◆ DIRECTIONS ◆
The records below must be reproduced exactly, excluding any pictures.

◆ MATERIAL SHOWN ◆
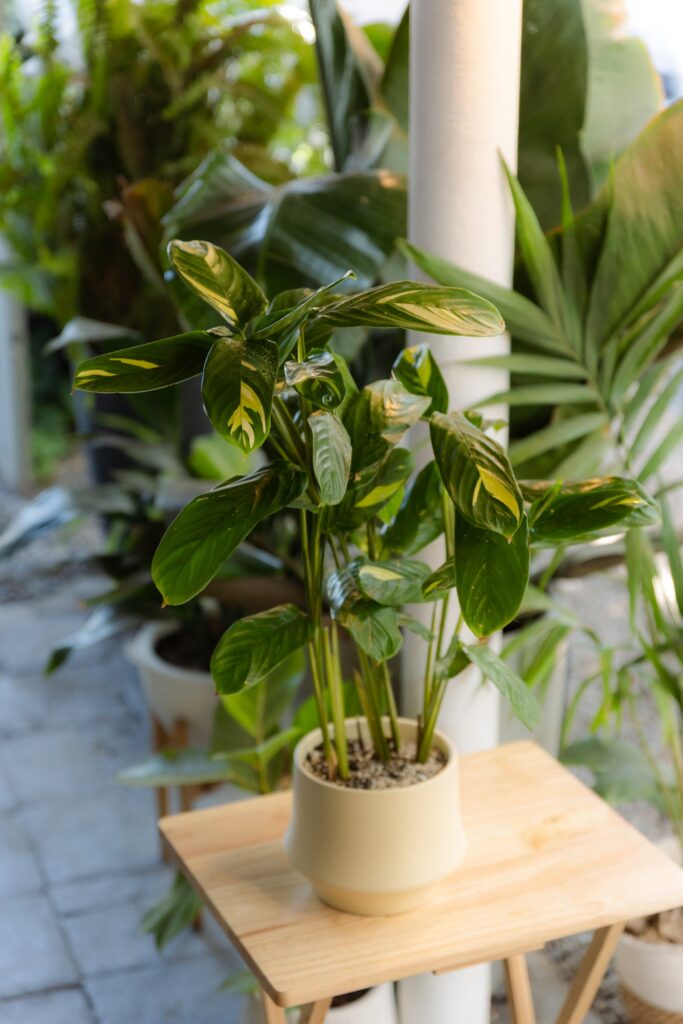 Maranta Lubbersiana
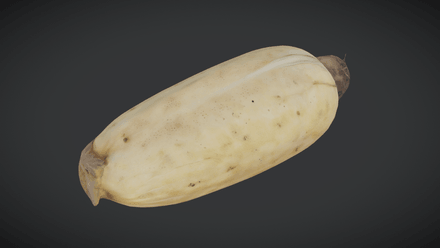 Lotus Root - low poly PBR 3d model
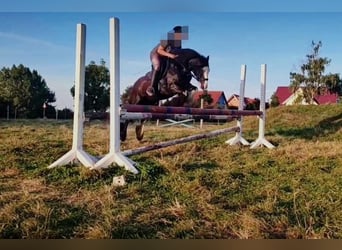 Cob Irlandese / Tinker / Gypsy Vanner, Giumenta, 11 Anni, 130 cm, Morello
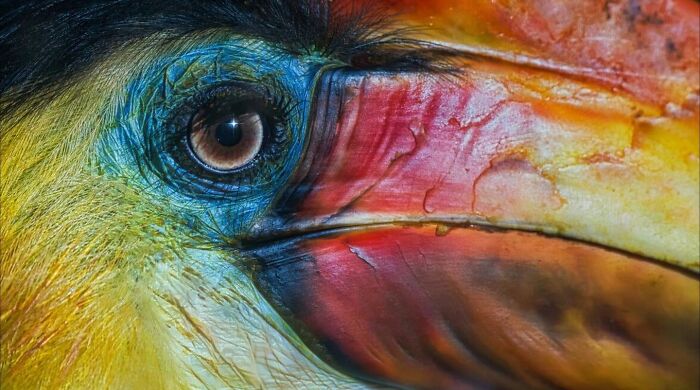 50 Animal Photos That Won Hearts In PhotoCrowd&rsquo;s Latest Contest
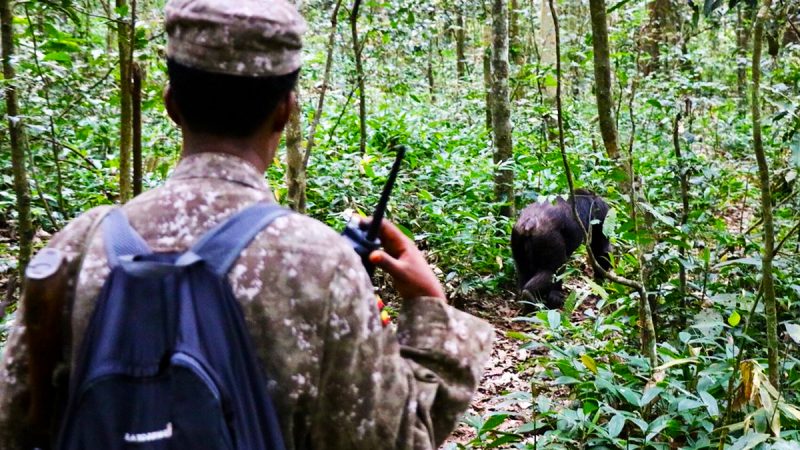 chimpanzee-tracking-experience-in-kibale-national-park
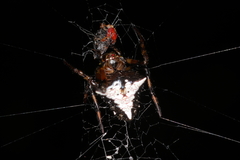 Verrucosa scapofracta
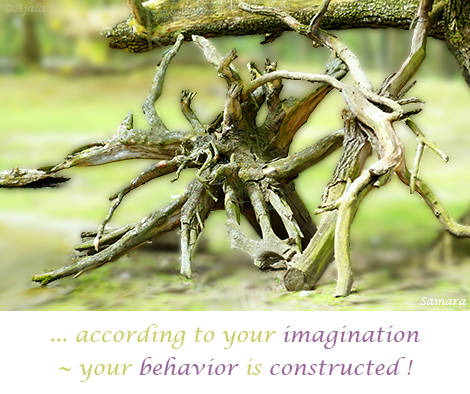 according-to-your-imagination--your-behavior-is-constructed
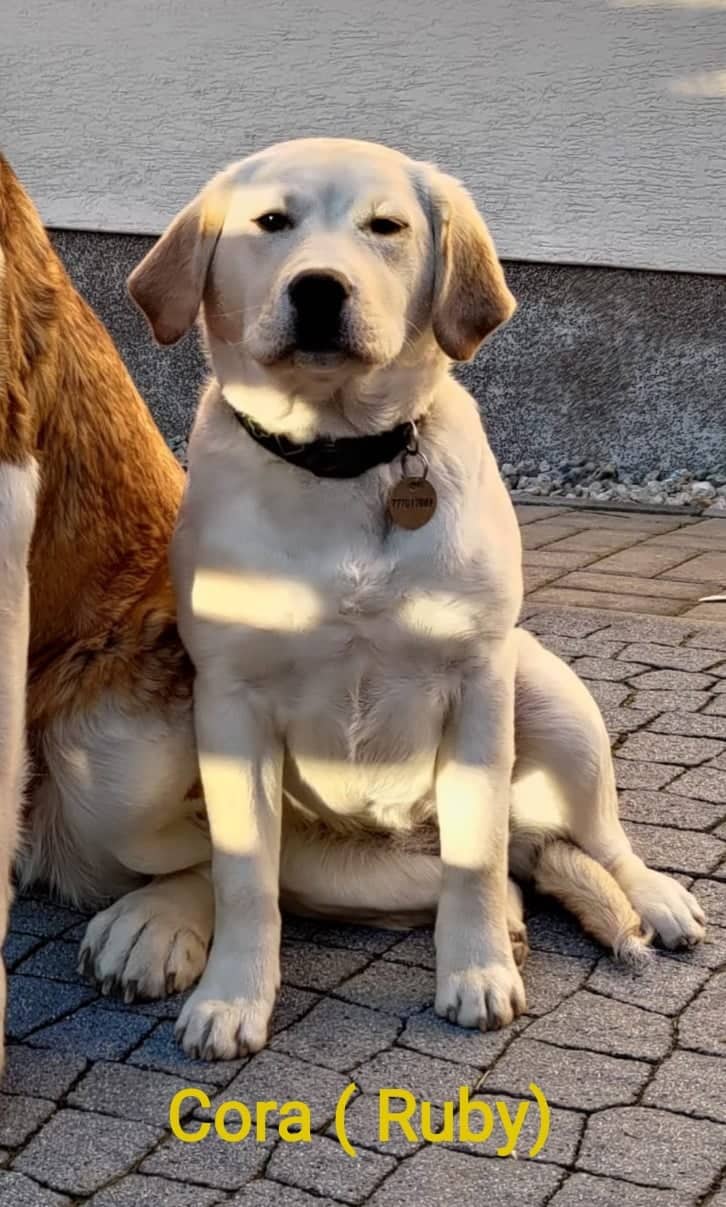 Chovatelská stanice labradorů Polepy u Kolína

◆ ANSWER SPACE ◆
 Maranta Lubbersiana
 Lotus Root - low poly PBR 3d model
 Cob Irlandese / Tinker / Gypsy Vanner, Giumenta, 11 Anni, 130 cm, Morello
 50 Animal Photos That Won Hearts In PhotoCrowd&rsquo;s Latest Contest
 chimpanzee-tracking-experience-in-kibale-national-park
 Verrucosa scapofracta
 according-to-your-imagination--your-behavior-is-constructed
 Chovatelská stanice labradorů Polepy u Kolína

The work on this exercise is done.